» Work required
Transcribe the records that follow. Keep every word exactly, and drop the pictures.

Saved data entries
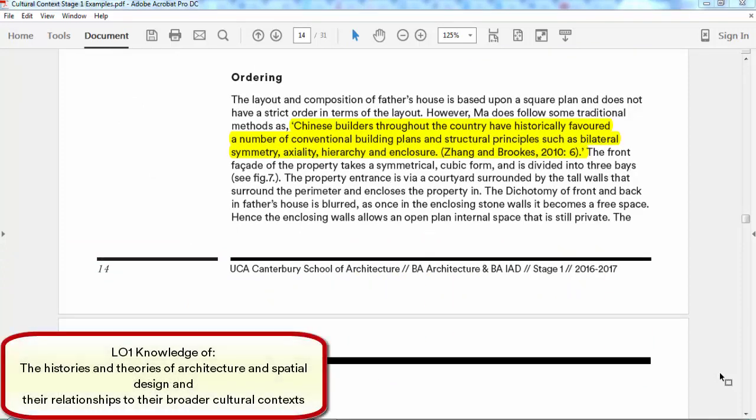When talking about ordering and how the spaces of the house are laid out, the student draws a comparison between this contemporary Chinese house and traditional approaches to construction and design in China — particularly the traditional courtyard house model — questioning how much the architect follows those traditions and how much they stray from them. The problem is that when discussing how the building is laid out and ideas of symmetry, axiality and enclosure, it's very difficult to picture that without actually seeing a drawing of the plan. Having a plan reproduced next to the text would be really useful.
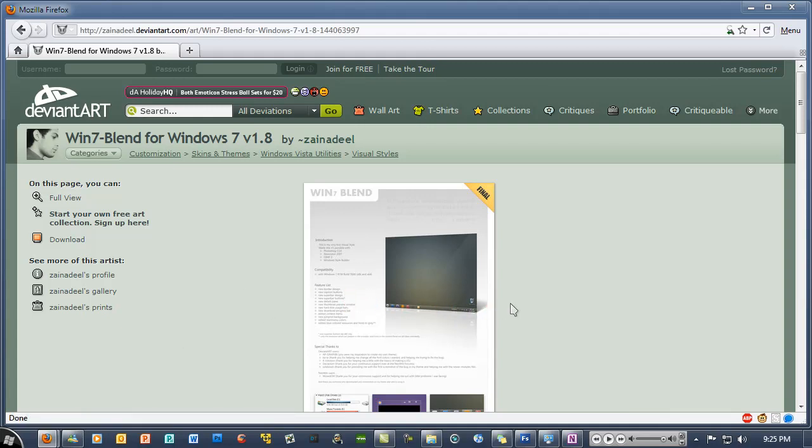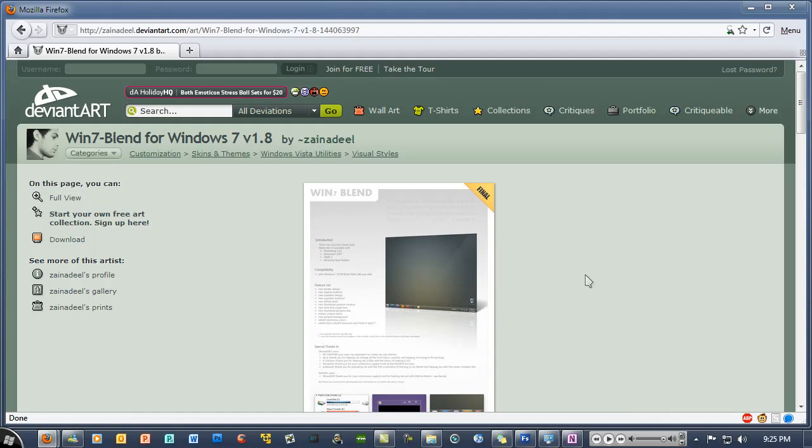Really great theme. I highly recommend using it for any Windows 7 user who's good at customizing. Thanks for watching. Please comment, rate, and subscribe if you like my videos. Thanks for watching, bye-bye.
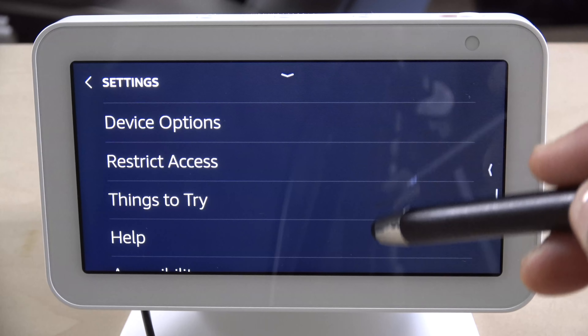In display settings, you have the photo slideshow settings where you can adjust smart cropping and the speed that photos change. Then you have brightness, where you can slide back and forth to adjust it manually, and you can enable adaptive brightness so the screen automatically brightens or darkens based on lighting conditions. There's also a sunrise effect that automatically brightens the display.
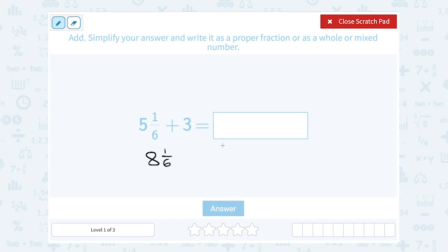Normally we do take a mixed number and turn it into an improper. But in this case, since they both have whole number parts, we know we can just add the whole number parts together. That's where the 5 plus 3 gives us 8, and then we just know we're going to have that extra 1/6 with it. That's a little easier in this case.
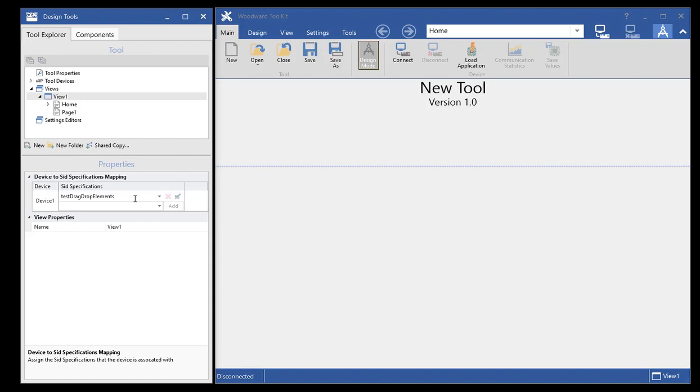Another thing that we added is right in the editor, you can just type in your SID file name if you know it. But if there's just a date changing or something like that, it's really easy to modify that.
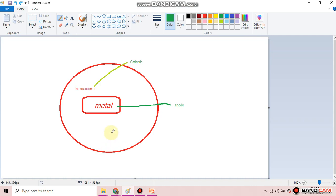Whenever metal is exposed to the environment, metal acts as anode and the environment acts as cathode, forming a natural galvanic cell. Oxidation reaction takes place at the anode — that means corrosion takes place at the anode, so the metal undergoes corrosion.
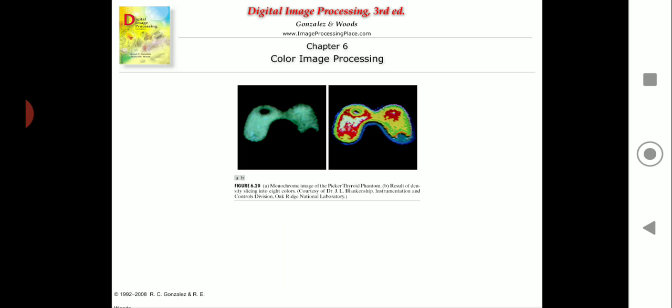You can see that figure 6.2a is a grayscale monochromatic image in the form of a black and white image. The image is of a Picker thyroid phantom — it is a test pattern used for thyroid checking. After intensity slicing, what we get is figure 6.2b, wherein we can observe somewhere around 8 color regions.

» Answer
When talking about ordering and how the spaces of the house are laid out, the student draws a comparison between this contemporary Chinese house and traditional approaches to construction and design in China — particularly the traditional courtyard house model — questioning how much the architect follows those traditions and how much they stray from them. The problem is that when discussing how the building is laid out and ideas of symmetry, axiality and enclosure, it's very difficult to picture that without actually seeing a drawing of the plan. Having a plan reproduced next to the text would be really useful.
Really great theme. I highly recommend using it for any Windows 7 user who's good at customizing. Thanks for watching. Please comment, rate, and subscribe if you like my videos. Thanks for watching, bye-bye.
In display settings, you have the photo slideshow settings where you can adjust smart cropping and the speed that photos change. Then you have brightness, where you can slide back and forth to adjust it manually, and you can enable adaptive brightness so the screen automatically brightens or darkens based on lighting conditions. There's also a sunrise effect that automatically brightens the display.
Normally we do take a mixed number and turn it into an improper. But in this case, since they both have whole number parts, we know we can just add the whole number parts together. That's where the 5 plus 3 gives us 8, and then we just know we're going to have that extra 1/6 with it. That's a little easier in this case.
Another thing that we added is right in the editor, you can just type in your SID file name if you know it. But if there's just a date changing or something like that, it's really easy to modify that.
Whenever metal is exposed to the environment, metal acts as anode and the environment acts as cathode, forming a natural galvanic cell. Oxidation reaction takes place at the anode — that means corrosion takes place at the anode, so the metal undergoes corrosion.
You can see that figure 6.2a is a grayscale monochromatic image in the form of a black and white image. The image is of a Picker thyroid phantom — it is a test pattern used for thyroid checking. After intensity slicing, what we get is figure 6.2b, wherein we can observe somewhere around 8 color regions.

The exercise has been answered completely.